-- Opening Marker --

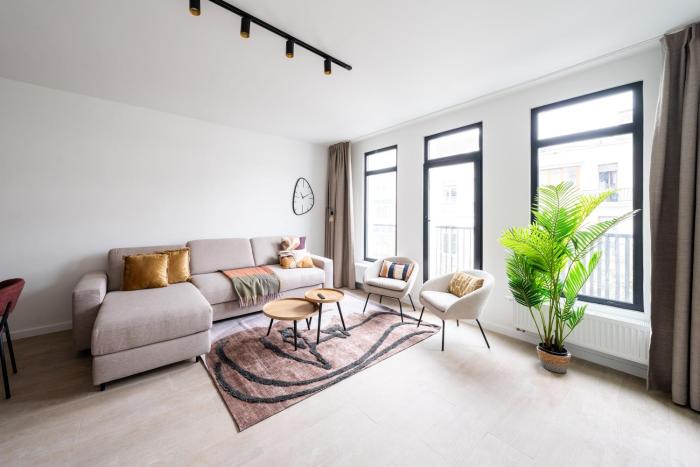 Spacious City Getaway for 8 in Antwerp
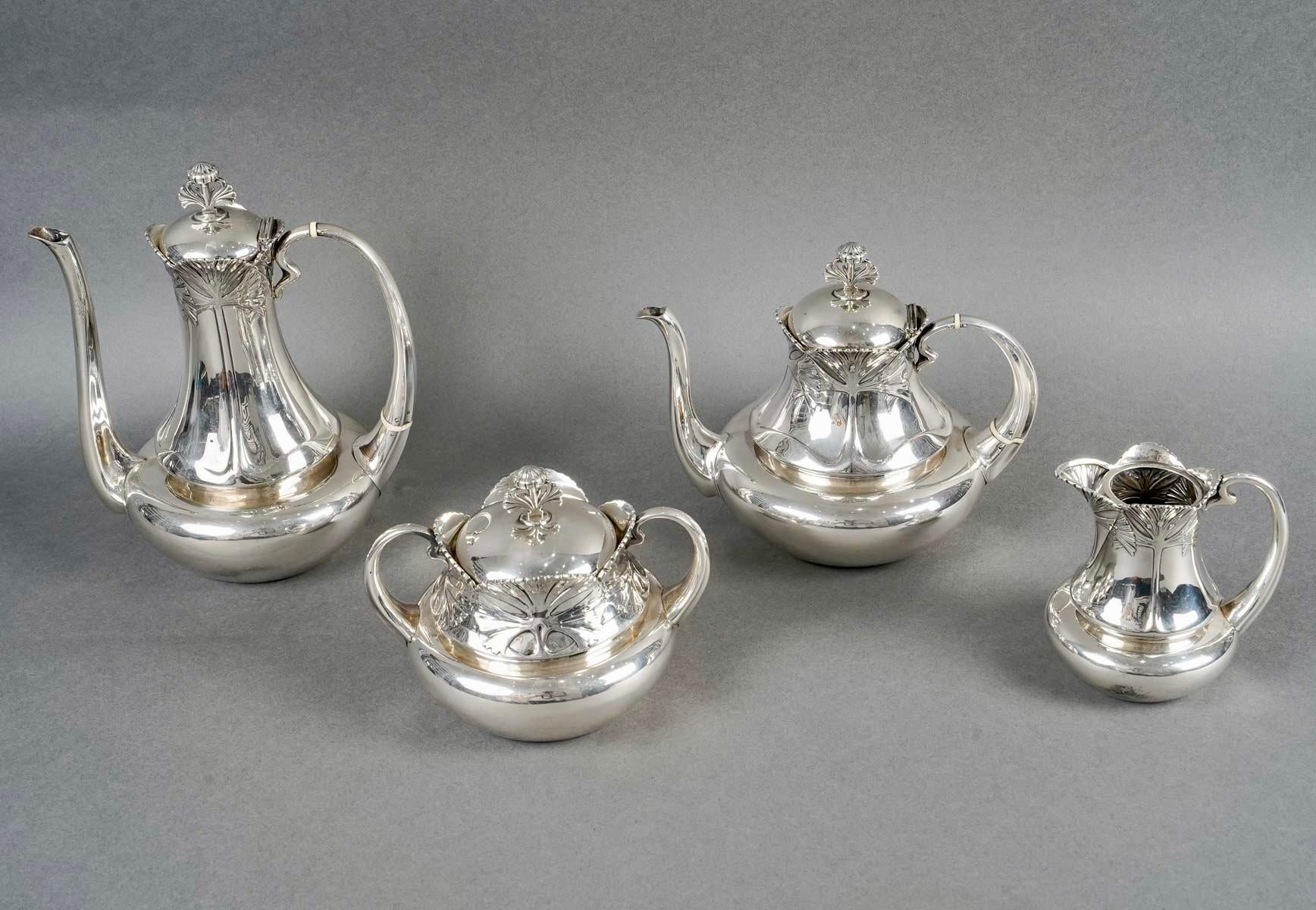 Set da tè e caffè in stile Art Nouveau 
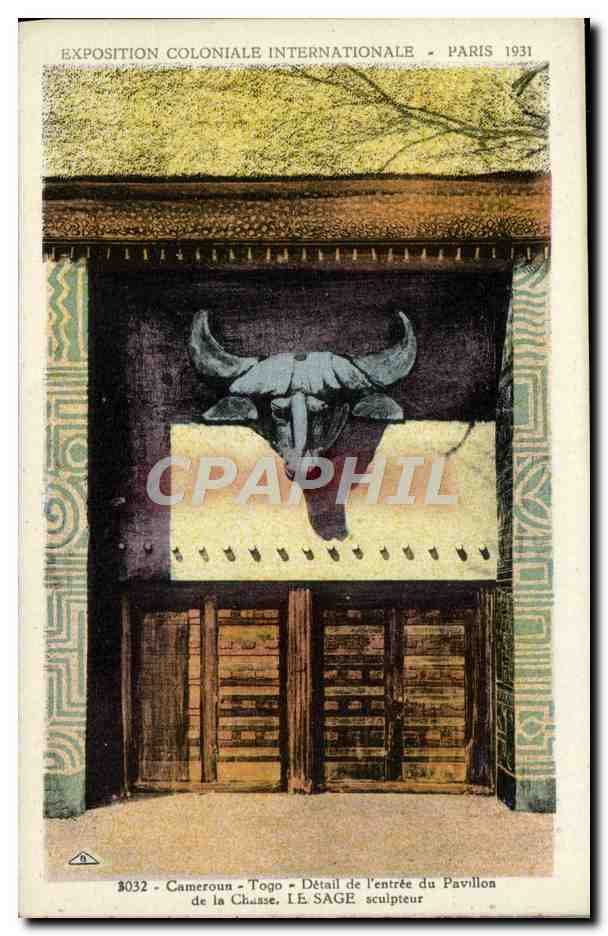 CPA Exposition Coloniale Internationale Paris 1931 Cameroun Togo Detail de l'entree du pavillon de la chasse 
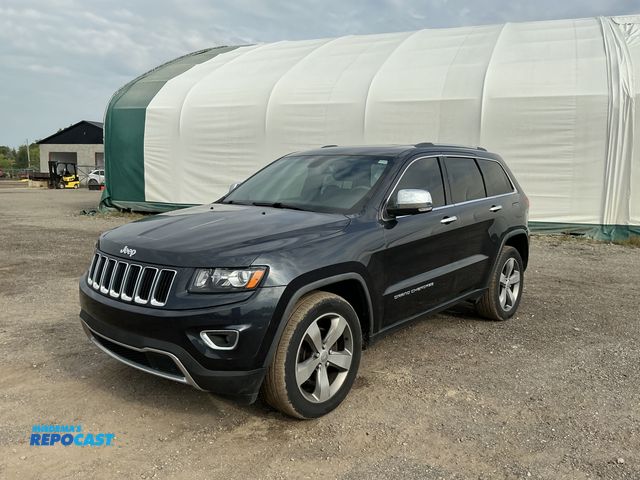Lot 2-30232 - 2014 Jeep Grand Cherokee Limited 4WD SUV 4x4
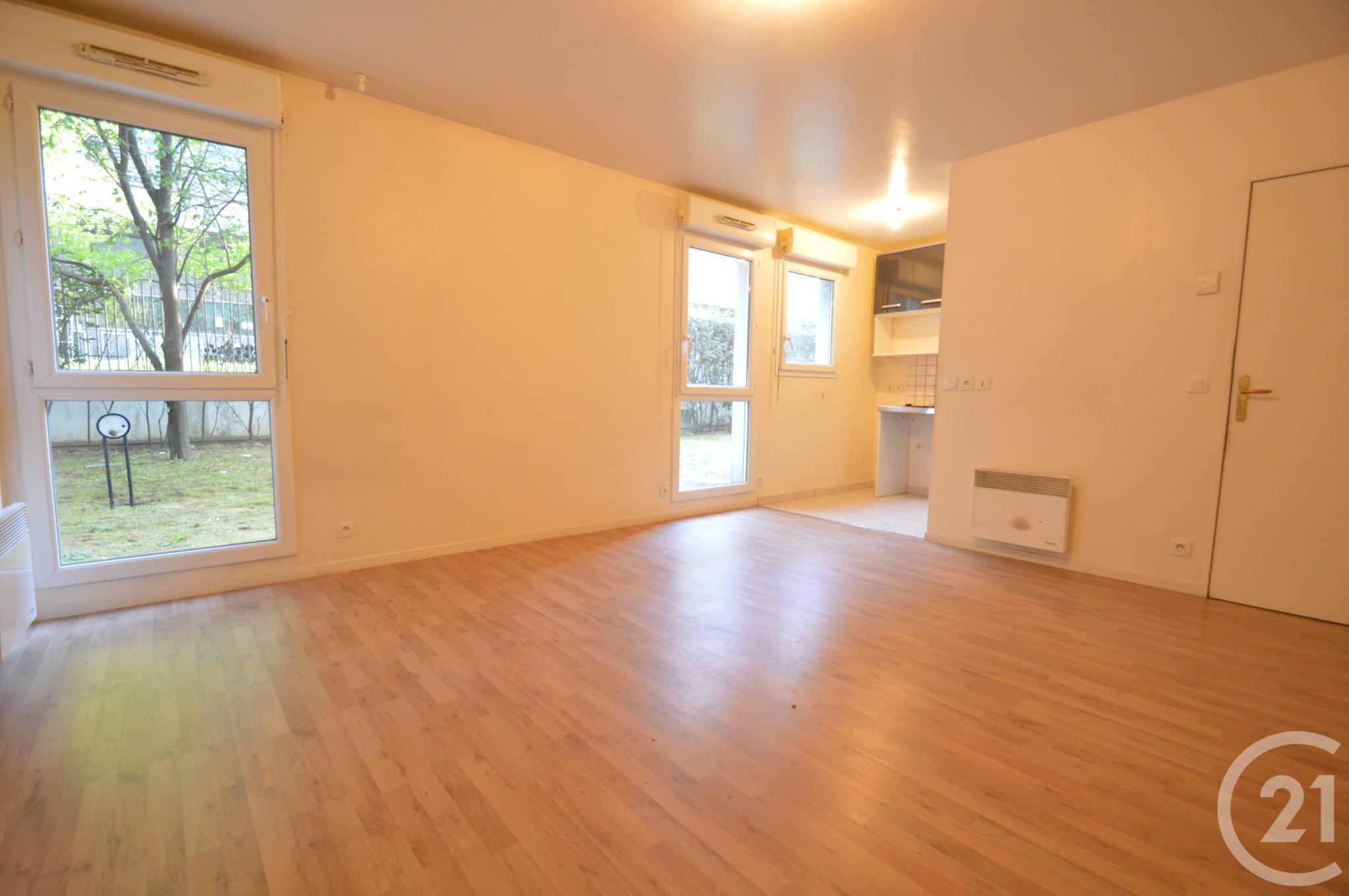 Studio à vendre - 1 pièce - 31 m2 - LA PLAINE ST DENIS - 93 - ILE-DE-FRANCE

-- Closing Marker --

AIM OF THE EXERCISE
Exact lines, nothing more: output the one with "CPA Exposition Coloniale" and every later line through the end of the data, skipping pictures.

ANSWER BOX
 CPA Exposition Coloniale Internationale Paris 1931 Cameroun Togo Detail de l'entree du pavillon de la chasse 
Lot 2-30232 - 2014 Jeep Grand Cherokee Limited 4WD SUV 4x4
 Studio à vendre - 1 pièce - 31 m2 - LA PLAINE ST DENIS - 93 - ILE-DE-FRANCE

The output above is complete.